EXERCISE DATA Start Marker

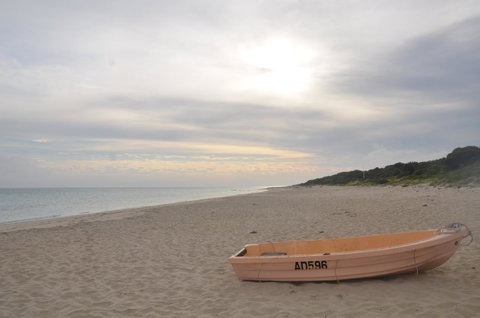 Eagle Bay Discovery - Food Delivery Shop 1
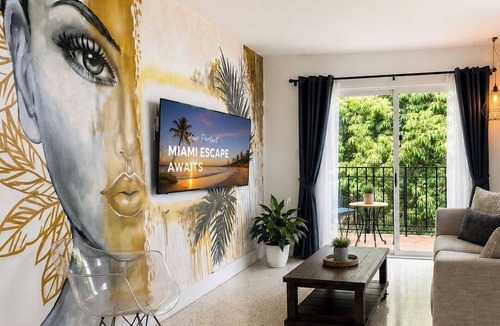 Wynwood Art District Apartment | Wynwood Charm 4, Live the art.1 Free Gated Parking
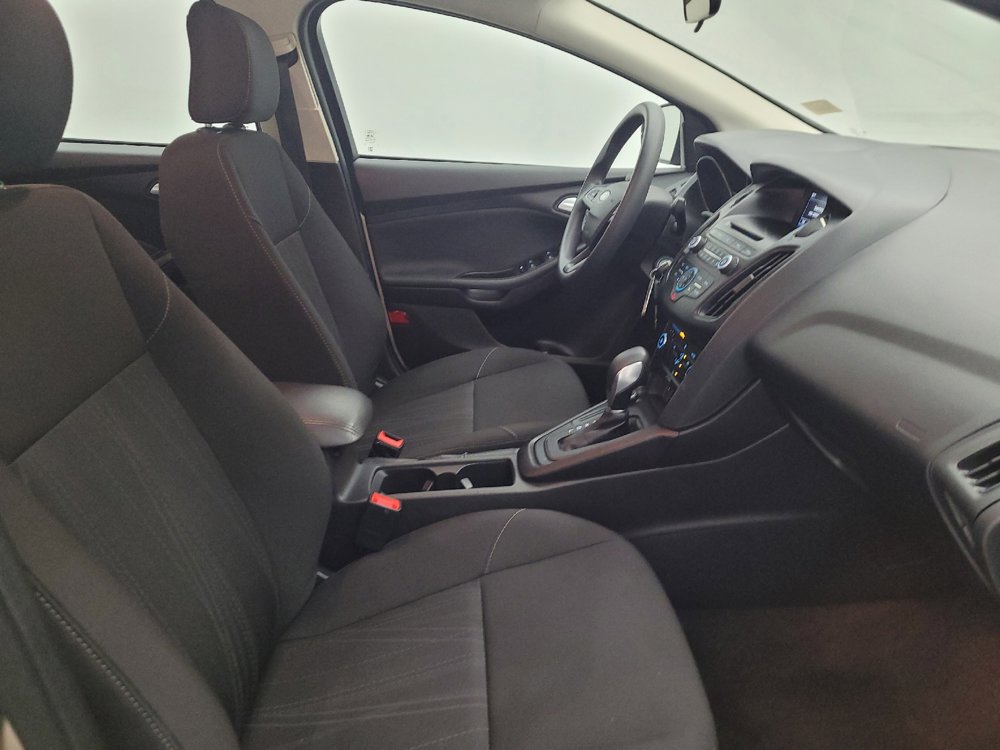 Used 2017 Ford Focus SE image 21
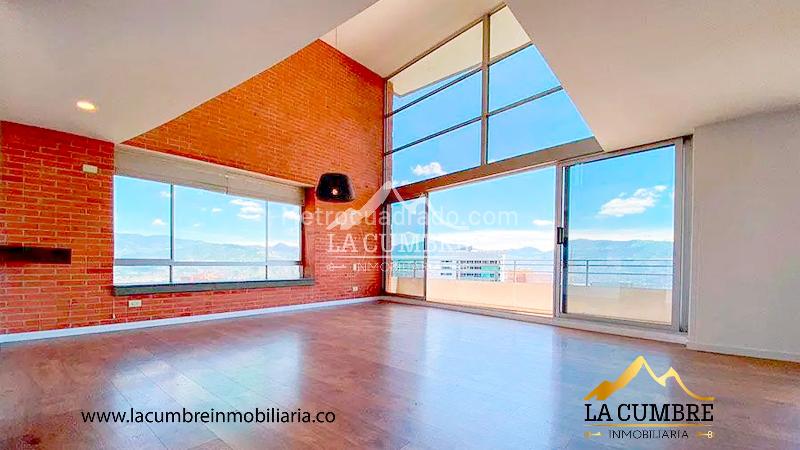 Apartamento Dúplex de 3 Alcobas en El Tesoro, El Poblado - 2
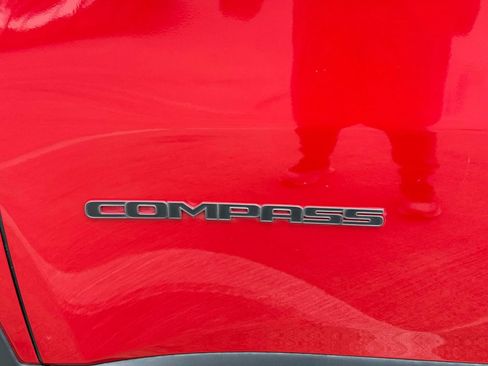 Used 2019 Jeep Compass Trailhawk AWD/4WD image 13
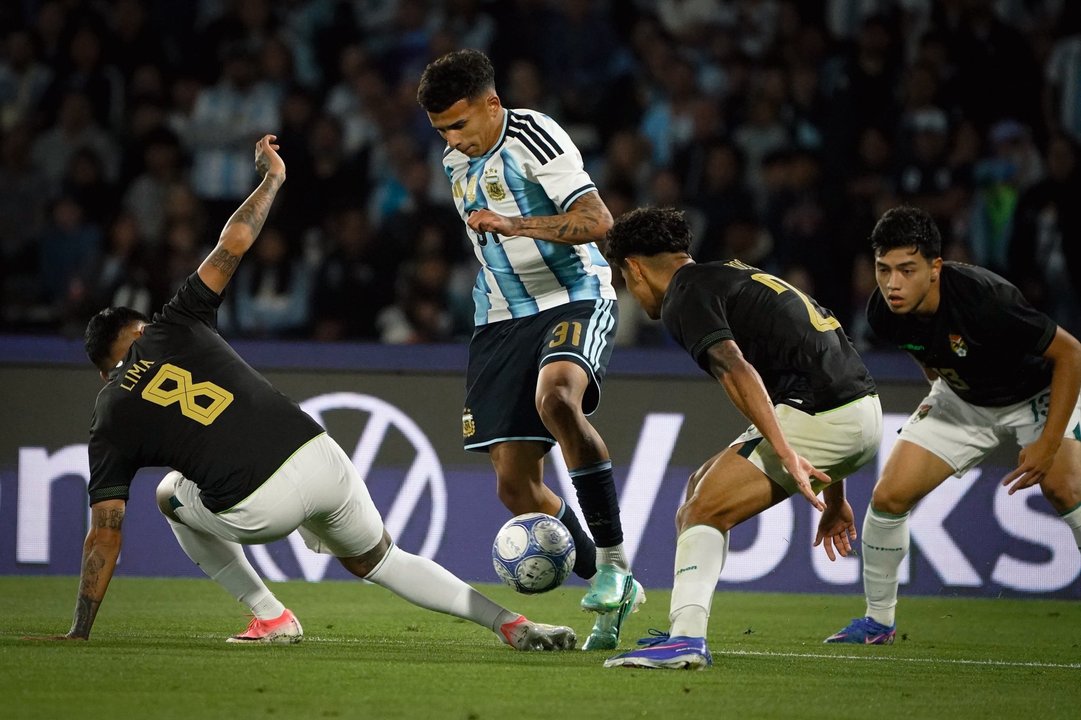 20 futbolistas argentinos brillan en la última Fecha FIFA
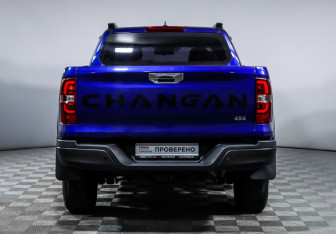 Подержанный автомобиль Changan Hunter Plus 2023 года (5 фото)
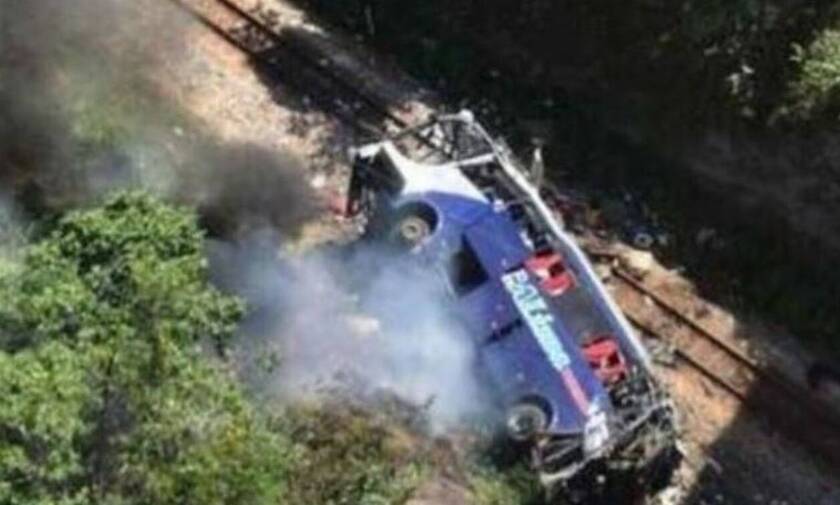 Τραγωδία στην Βραζιλία: Τουλάχιστον 16 οι νεκροί από την πτώση λεωφορείου από οδογέφυρα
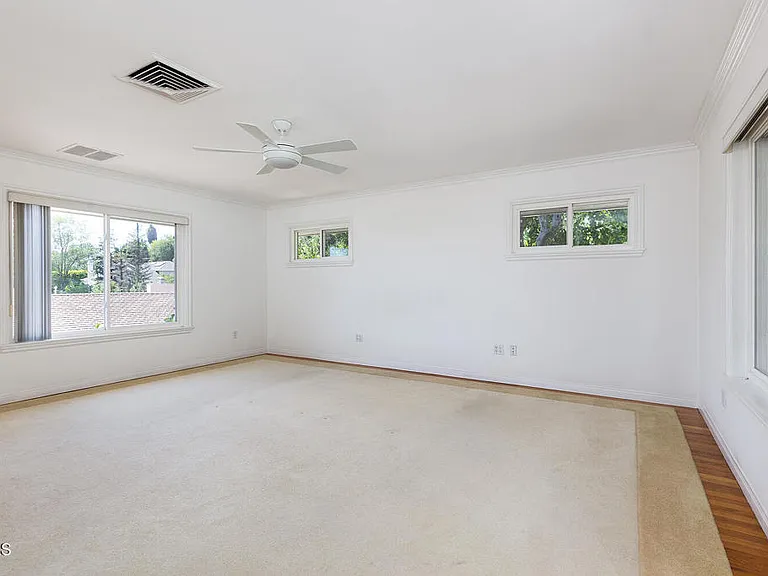 245 Hillside Rd — Photo 14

EXERCISE DATA End Marker

* [WORK TO BE COMPLETED]: Word-for-word repeat, images excluded: return all the data.

* [ANSWER SPACE]:
 Eagle Bay Discovery - Food Delivery Shop 1
 Wynwood Art District Apartment | Wynwood Charm 4, Live the art.1 Free Gated Parking
 Used 2017 Ford Focus SE image 21
 Apartamento Dúplex de 3 Alcobas en El Tesoro, El Poblado - 2
 Used 2019 Jeep Compass Trailhawk AWD/4WD image 13
 20 futbolistas argentinos brillan en la última Fecha FIFA
 Подержанный автомобиль Changan Hunter Plus 2023 года (5 фото)
 Τραγωδία στην Βραζιλία: Τουλάχιστον 16 οι νεκροί από την πτώση λεωφορείου από οδογέφυρα
 245 Hillside Rd — Photo 14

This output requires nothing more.